N.B. (For question 1, Daphne Du Maurier's house Kilmarth, was near the town of Par and the town of Fowey but it is nearer Par than Fowey and the railway line out of Fowey goes to the north then turns to the east and does not pass under a viaduct around three miles from town, which does not fit with the clues.

For question 2, the viaduct in some sources, is sometimes referred to as the Luxulyan viaduct but it is marked on the OS map as the Treffry viaduct.)

The puzzle writer has thrown in some nacht und nebel this week, the UNESCO world heritage site  he is most likely referring to ie The Cornwall and West Devon Mining Landscape (created c 2006), covers more than one location. These are, according to

St Just Mining District
The Port of Hayle
Tregonning and GwinearMining Districts with Trewavas
Wendron Mining District
Camborne and Redruth Mining District with Wheal Peevor and Portreath Harbour
Gwennap Mining District with Devoran and Perran and Kennall Vale
St Agnes Mining District
The Luxulyan Valley and Charlestown
Caradon Mining District
Tamar Valley Mining District with Tavistock .

The one which seems to me to be the best fit, with the clue about the novelist born c1907,  one Daphne Du Maurier, is The Luxulyan Valley and Charlestown, which lie close to the town of Par, where her house Kilmarth was. There can be some confusion as to whether Kilmarth is in the village of Tywardreath, the town of Par or the town of Fowey but from looking at the OS map, it's clearly closer to Par and the railway clue does not fit with Fowey.

An industrialist born c 1782 was one Joseph Thomas (Austen) Treffry. I found several references which claim that he built the Treffry viaduct, which does seem to lie around three miles north of Par, anytime between 1839 and 1847,depending on which source you want to believe. The viaduct is said in some references to be 216 yards long, 98 feet high with ten arches and to have carried a tramway and leat or stone water channel, to power a water wheel. The tramway, which was built to connect to the canal that leads to Par, closed c 1933.

Walking north from the Treffry viaduct brings you to the town of Luxulyan, which is said to have been founded by a saint Sulien (feast day 29th July) c 6th century. A granite called Luxullianite is said to be found in the locale and was used in the duke of Wellington's tomb, in Saint Paul's cathedral in London.

The railway line out of Par does run to the north and pass under the Treffry viaduct, before turning to the west, where it eventually terminates in the town of Newquay, which c 1911, was the birthplace of an author called William Golding (wrote Lord of the Flies). Golding won the booker prize in 1980 and the Nobel prize for literature in 1983. Travelling roughly three miles west south west from Newquay would take you to Hollywell bay, which is where some sources claim that the North Korean beach landing scene in the film 'Die Another Day' was filmed, c2002.
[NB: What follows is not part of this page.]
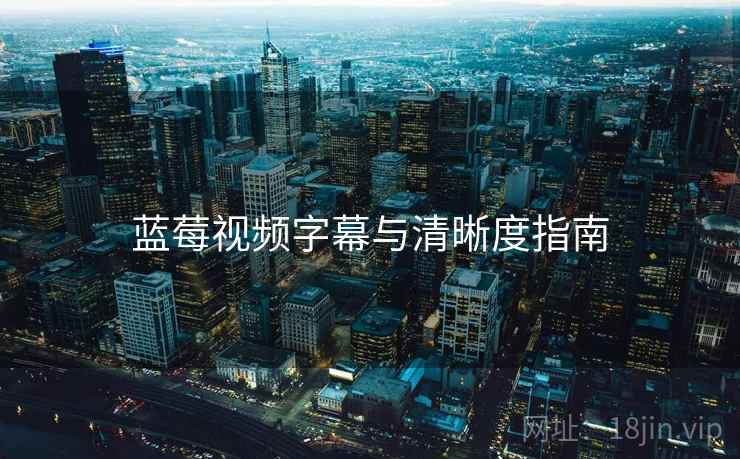 蓝莓视频字幕与清晰度指南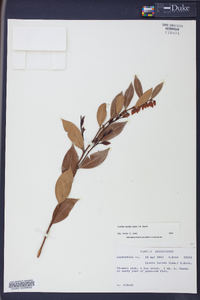 Lyonia lucida image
In the belief that "Eine stetige tropfen höhlt den stein", there are words concealed within the UK Thunderball lotto data, sometimes, when you see one developing, you can intuit what the next letter is going to be and get  lucky. Word puzzlers, Lotto players and data miners, check out the Eastender's book on the subject here:

Lotto Codewords In The Thunderball Game

Link to the competition

Where Was I?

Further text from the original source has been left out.